> _Materials provided_
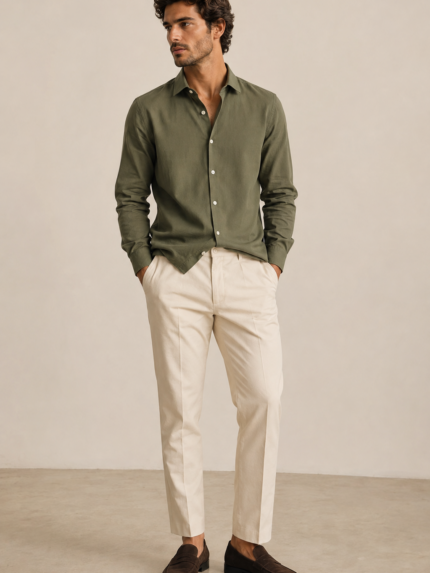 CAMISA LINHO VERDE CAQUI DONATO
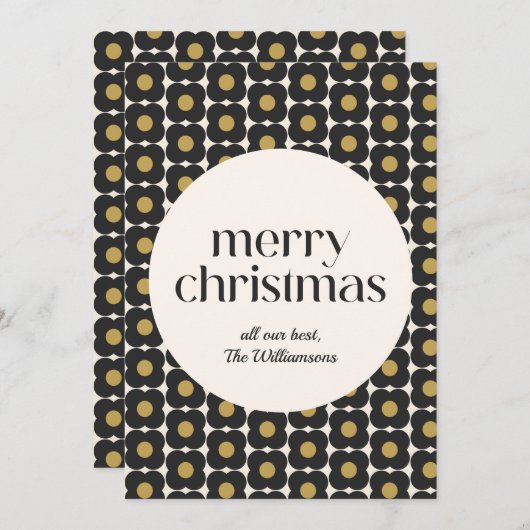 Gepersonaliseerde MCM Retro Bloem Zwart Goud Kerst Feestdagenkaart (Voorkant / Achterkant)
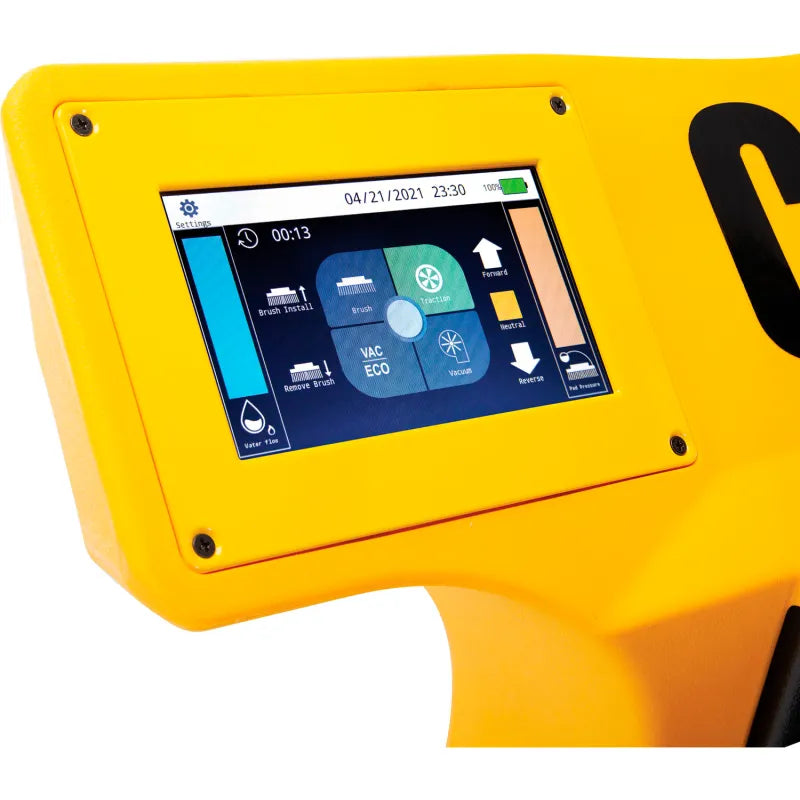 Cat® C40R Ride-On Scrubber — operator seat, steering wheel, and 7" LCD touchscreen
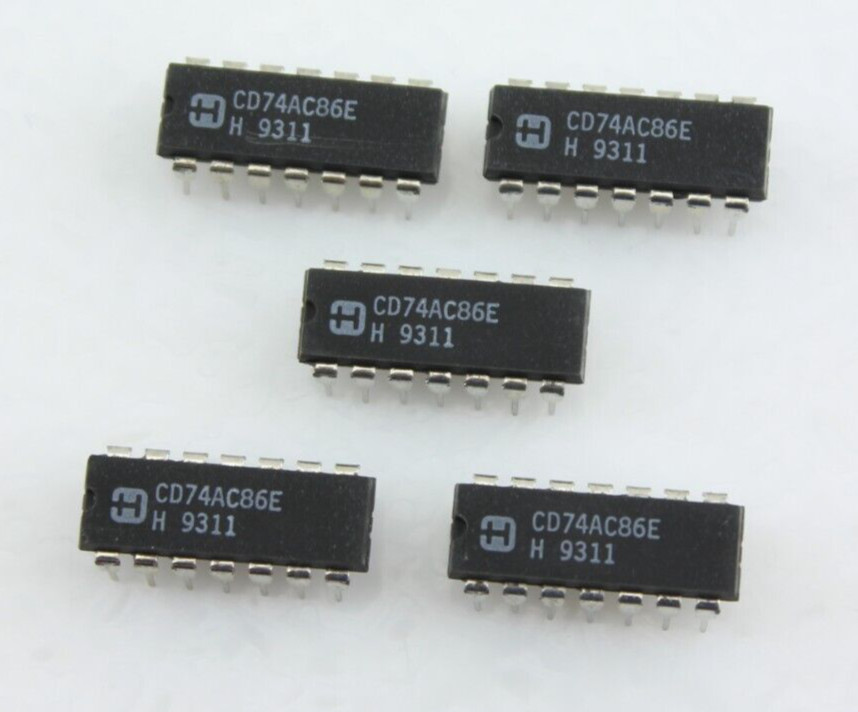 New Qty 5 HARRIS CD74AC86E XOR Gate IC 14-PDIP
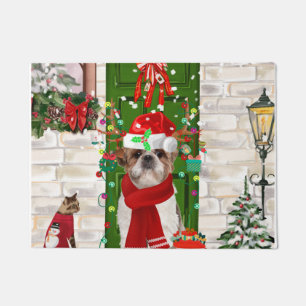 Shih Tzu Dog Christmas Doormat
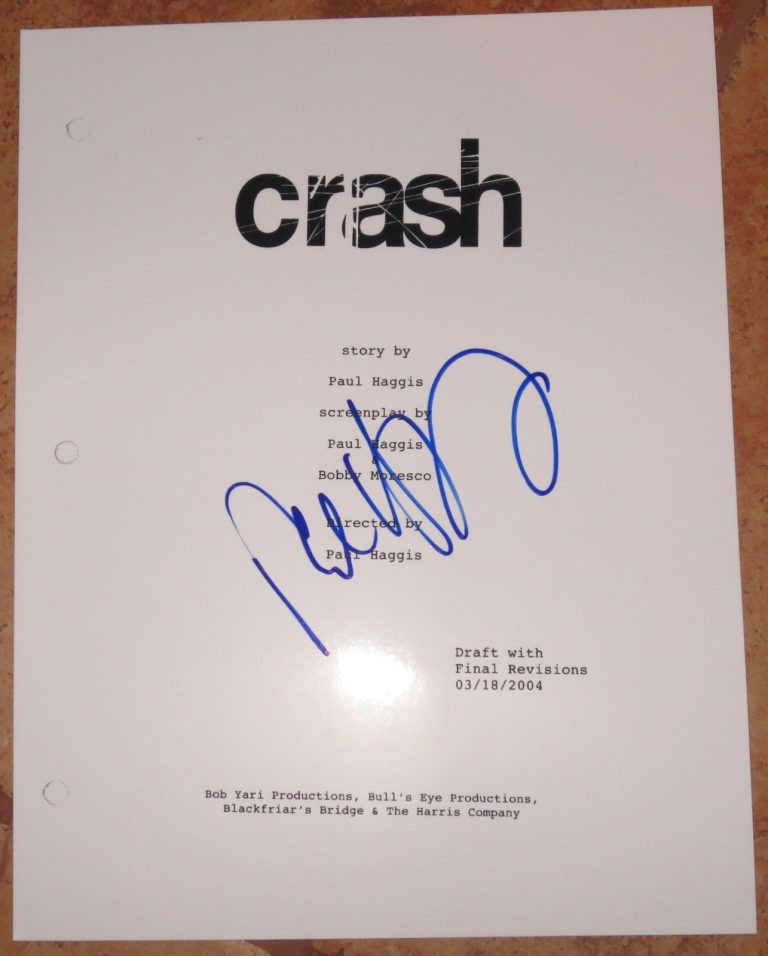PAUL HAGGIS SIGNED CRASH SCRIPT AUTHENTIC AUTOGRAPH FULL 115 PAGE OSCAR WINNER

--

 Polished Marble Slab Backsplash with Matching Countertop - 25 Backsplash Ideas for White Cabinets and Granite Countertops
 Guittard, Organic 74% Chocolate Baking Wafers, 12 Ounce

...

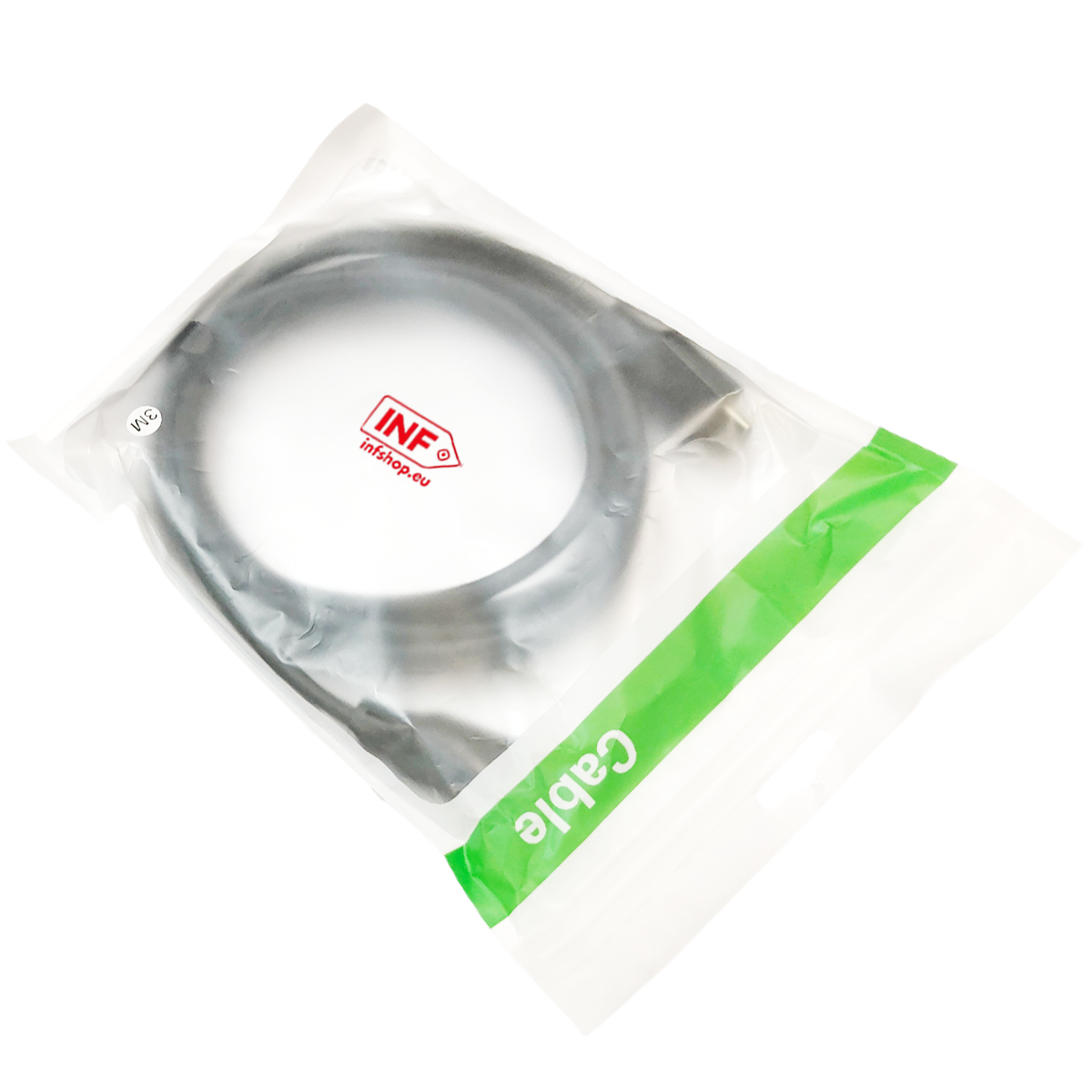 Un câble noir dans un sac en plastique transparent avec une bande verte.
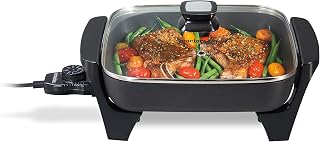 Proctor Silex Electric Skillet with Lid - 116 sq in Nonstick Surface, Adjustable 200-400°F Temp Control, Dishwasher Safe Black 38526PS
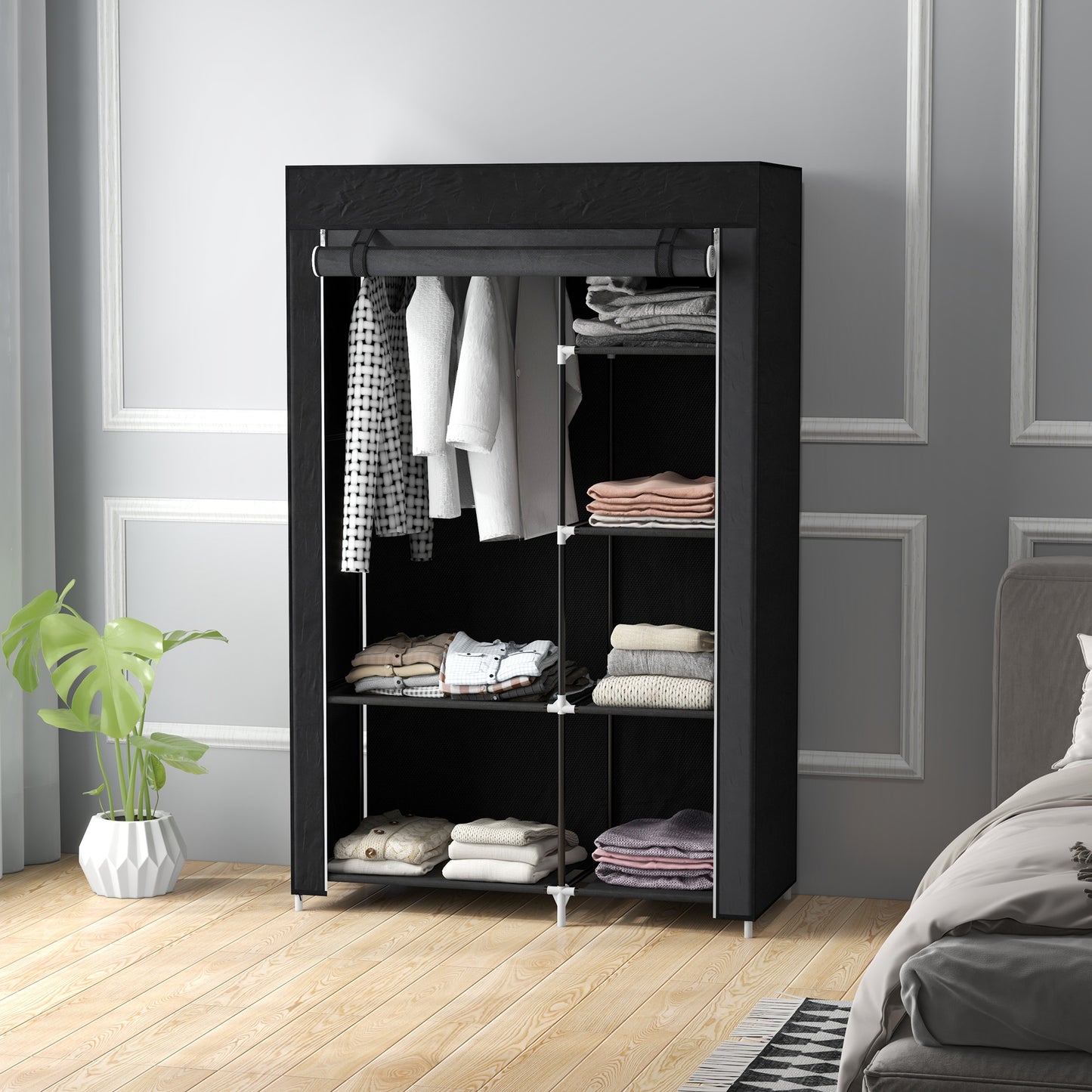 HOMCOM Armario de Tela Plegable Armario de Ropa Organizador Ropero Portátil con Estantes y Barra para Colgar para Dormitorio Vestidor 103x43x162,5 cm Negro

> _Work request_
Look above for the line with "Shih Tzu Dog Christmas Doormat" and copy exactly from it through the line with "PAUL HAGGIS SIGNED", both included. Omit the pictures.

> _Written reply_
 Shih Tzu Dog Christmas Doormat
PAUL HAGGIS SIGNED CRASH SCRIPT AUTHENTIC AUTOGRAPH FULL 115 PAGE OSCAR WINNER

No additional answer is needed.